Imagine we have a dataset containing sales transactions from a retail store. The dataset includes the following columns:

 

  • TransactionID: The unique identifier for each transaction.

  • Date: The date of the transaction.

  • Store: The store where the transaction took place.

  • Product: The product sold.

  • Quantity: The quantity of the product sold.

  • Price: The price of the product.

 

Here is the sample data for sales_data.csv:

 

TransactionID,Date,Store,Product,Quantity,Price

1,2024-01-01,Store A,Laptop,1,1000

2,2024-01-01,Store A,Tablet,2,500

3,2024-01-02,Store B,Laptop,3,1000

4,2024-01-02,Store B,Tablet,4,500

5,2024-01-03,Store A,Smartphone,5,700

6,2024-01-03,Store A,Tablet,6,500

7,2024-01-04,Store B,Smartphone,7,700

8,2024-01-04,Store B,Tablet,8,500

9,2024-01-05,Store A,Laptop,9,1000

10,2024-01-05,Store A,Smartphone,10,700

 

Let's load this data into a Pandas DataFrame and explore how to use the groupby() function.

 

import pandas as pd

 

# Load the data into a DataFrame

df = pd.read_csv('sales_data.csv')

print(df)

Example 1: Total Quantity Sold by Store

 

Let's calculate the total quantity of products sold by each store.

 

# Group by 'Store' and calculate the total quantity sold

total_quantity_by_store = df.groupby('Store')['Quantity'].sum()

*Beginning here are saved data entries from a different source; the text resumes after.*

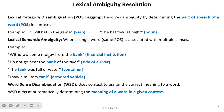'Withdraw some money from the bank' — this bank is related to a financial institution and is a noun. 'Do not go near the bank of the river' — the word river is strong contextual evidence that this bank refers to the side of a river. Similarly, 'the tank was full of water' — it is a container, and 'I saw a military tank' — it is an armored vehicle. By seeing the context of neighboring words, we can find the particular meaning. WSD uses context to assign the correct meaning to a word and aims at automatically determining the meaning of a word in a given context.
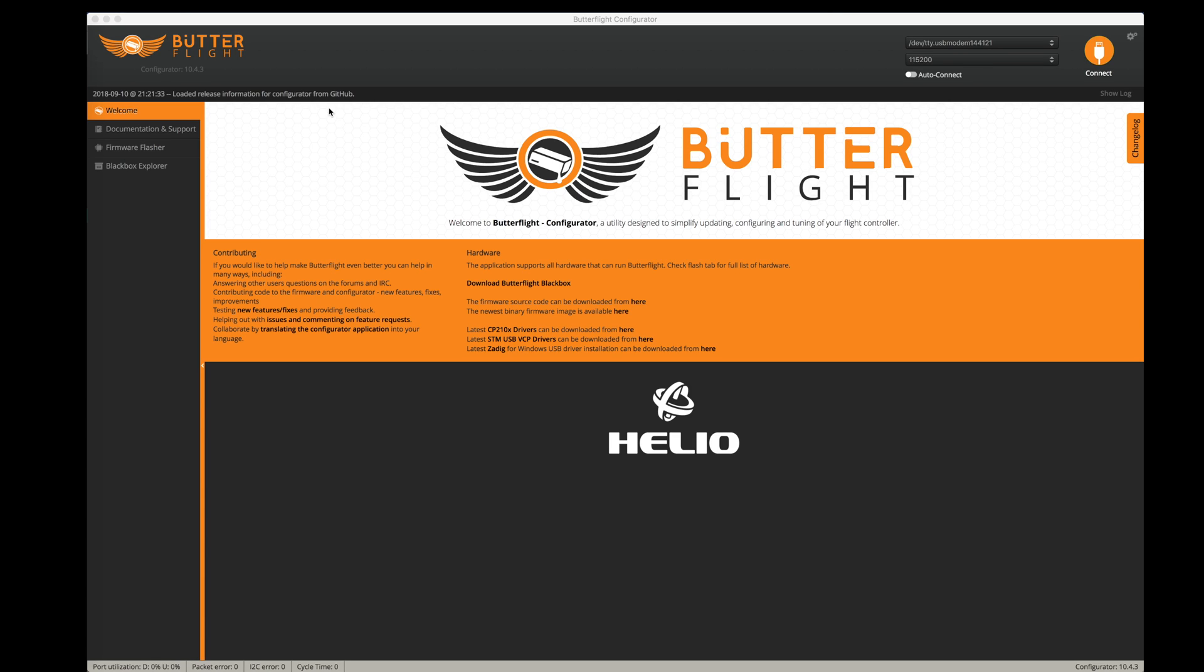Hello everyone! There is a new version of Butterflight and a new version of the IMUF code from Heliospring for my Helio Flight Controller. I wanted to give it a try and show you how I installed it and upgraded my quad from the previous release, which was Odin, to this new release, which I believe is called Starbuck.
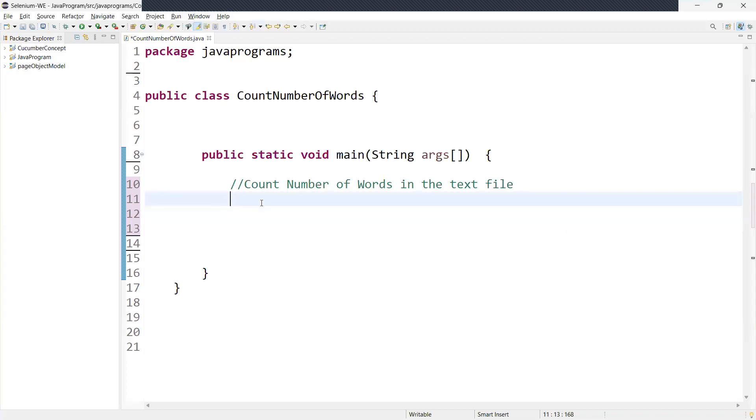Hi guys, welcome back. Count the number of words in a text file. So this is one of the important interview questions. This is what we are going to discuss today.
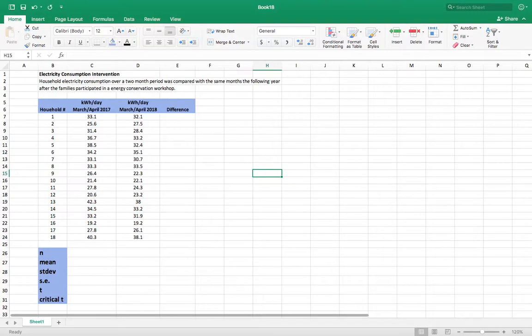Hello all. This is a short video on how to do a paired t-test in Excel 2016.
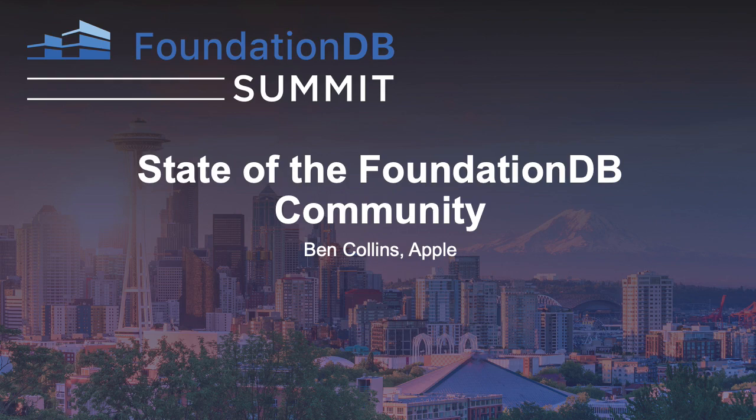Welcome everyone, as Dave said. My name is Ben Collins. I'm project lead for FoundationDB. So let me tell you a story.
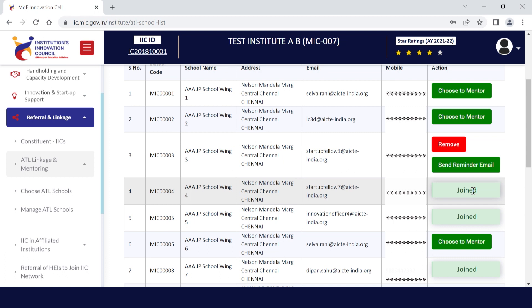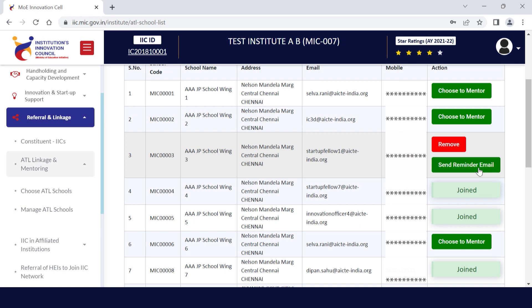If you have already sent an invitation to an ATL school and they have not responded, you may send a reminder invitation by clicking the button again. You just need to click on send reminder email.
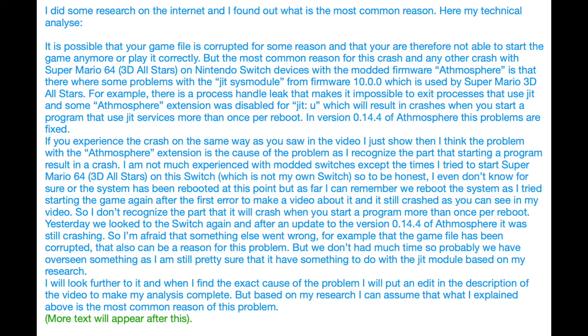It is possible that your game file is corrupted for some reason and that you are therefore not able to start the game anymore and play it correctly. But the most common reason for this crash and any other crash with Super Mario 3D All-Stars on Nintendo Switch devices with the modded firmware Atmosphere is that there were some problems with the JIT module from firmware 10.0.0, which is used by Super Mario 3D All-Stars.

print(total_quantity_by_store)

 

Explanation:

  • df.groupby('Store')['Quantity'].sum(): Groups the DataFrame by the Store column and calculates the sum of the Quantity column for each group.

 

Output:

 

Example 2: Total Sales by Store

 

Let's calculate the total sales (revenue) by each store. The total sales for each transaction can be calculated by multiplying the Quantity by the Price.

 

# Add a new column for total sales

df['TotalSales'] = df['Quantity'] * df['Price']

 

# Group by 'Store' and calculate the total sales

total_sales_by_store = df.groupby('Store')['TotalSales'].sum()

print(total_sales_by_store)

 

Explanation:

  • df['TotalSales'] = df['Quantity'] * df['Price']: Adds a new column TotalSales to the DataFrame by multiplying Quantity and Price.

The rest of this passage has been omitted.